Step 2b, take the $910,000 USDC from market selling the 45,000 tokens in step 2a and deposit back into AAVE, then borrow 36,000 BAL and sell on the market for $725,000.
Step 2c, take the $725,000,000 USDC from market selling the 36,000 tokens in step 2c and deposit back into AAVE, then borrow 21,500 BAL and sell on the market for $550,000, this is not the max loan amount that can be taken, $185,000 credit is still able to be borrowed.
Step 2d, take the $545,000 and deposit to AAVE, the treasury has $630,000 of credit that can be delegated to the grants DAO. The treasury has 102,500 tokens BAL deposited in AAVE and a debt of 102,500 BAL, with $4,200,000 of USDC deposited, a completely delta neutral position, and the Grants DAO can draw a $630,000 and the treasury will not be liquidated even if the price drops all the way to $1.
Key points: With this method the grantsDAO can issue a grant priced in USD with 100% certainty that no matter how far the market falls it can keep its promise, the treasury does not sell its own BAL tokens directly triggering a potentially taxable event. Also keep in mind that 102,500 tokens will not be allocated to the grants DAO directly, this is the amount required for the Treasury to hedge risk and protect itself from liquidation if a black swan event sends the price to $1.
hi @alexclarkbarry :
In step one, you calculated the selling of 45K BAL for 910,000USDC instead of 1,150,000USDC.
Same as in step two (selling 36K BAL for 725,000usdc instead of 915,000USDC). The difference is around 420,000USD. Did I miss something?
Apart from this detail, a transaction involving the deposit and loan of 102,000BAL would incur a net underlying interest (APY-compounded) of 14% (variable). The cost of this operation at a constant BAL price would mean paying $200,000 semiannual in interest on the BAL token only, to which USDC interest should be added (a variable interest I suppose, which would bring considerations regarding risk management - fixed we are at over 10%).

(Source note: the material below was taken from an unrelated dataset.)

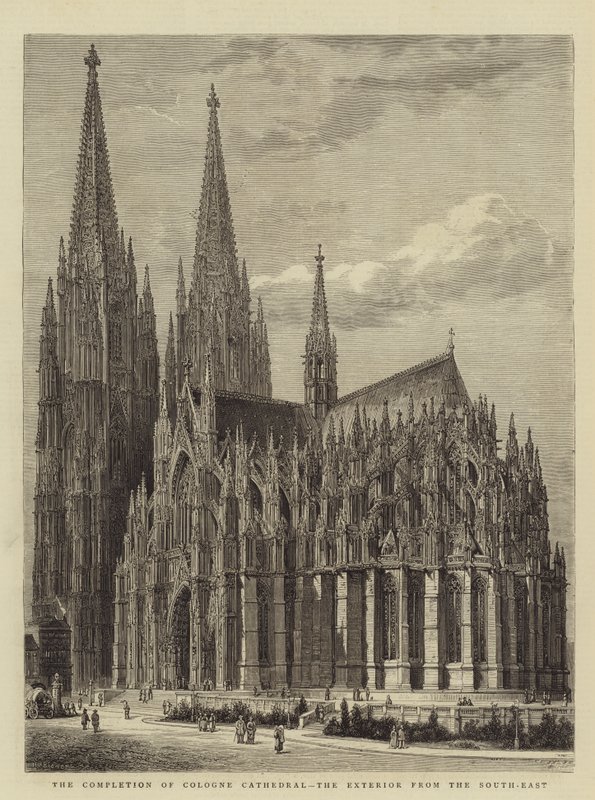 A Conclusão da Catedral de Colônia, o Exterior do Sudeste de Henry William Brewer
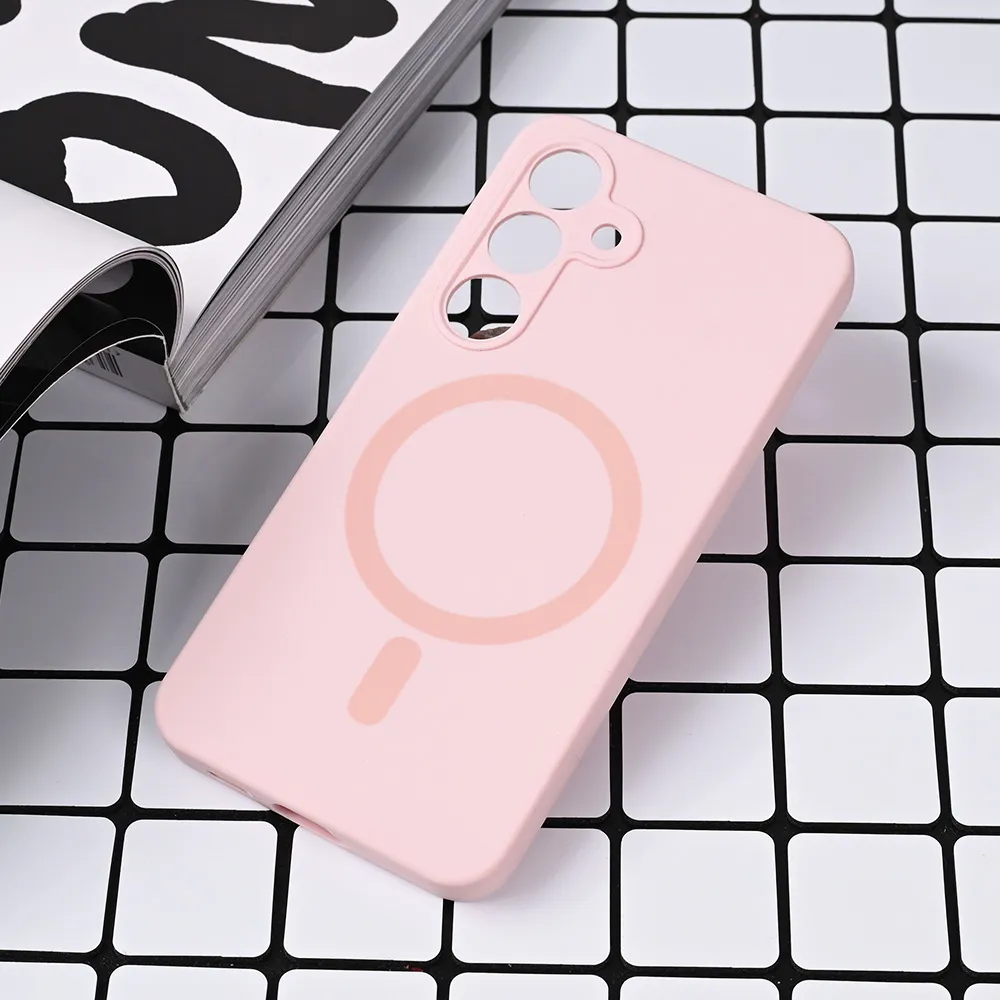 Maska Magsafe Pure color za Samsung S921B Galaxy S24 roze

I think we should vote on this proposal already. It was very well thought through and will add great value to Balancer Protocol.
There doesn’t seem to be consensus on any specific changes. It’s normal for some people to have different suggestions but I haven’t seen anything being brought up that was a no-brainer that everyone agreed on and should be changed.
We need to start giving grants to projects willing to build cool stuff on V2 soon. Two concrete examples IMO are PowerPool and Indexed Finance. I’d bet there are a lot more waiting on the sidelines that are watching and waiting for a precedent before they also apply for a grant.
Is there anything blocking this proposal to be brought to snapshot this weekend?
Just for those that didn’t see it, the vote is on snapshot Snapshot
Here is another option that is worth checking out to boost Balancer DAO.
Nice read from a DAO unrelated to UMA.
It is written about one of UMA’s new DAO treasury diversification tools, the Range token. Everyone here knows Im big on UMA as well as BAL. I would be doing a disservice if I did not mention an interest-free, no possibility of liquidation, loan specifically for DAO’s.
They seem to be transforming and etching out a DAO over there and now developing tools for DAO’s . Seen a lot of interest lately. Plus, UMA is doing AMA’S with a bunch of DAO’s on their Youtube channel and it sounds like everyone is taking advantage of it.
I heard interest-free…lol.
Just wanted to share an alt idea I’ve heard a lot about and could be a winner.
Coming out with some ways to reward LP’s on Polygon so that should be something to check out when it gets here too.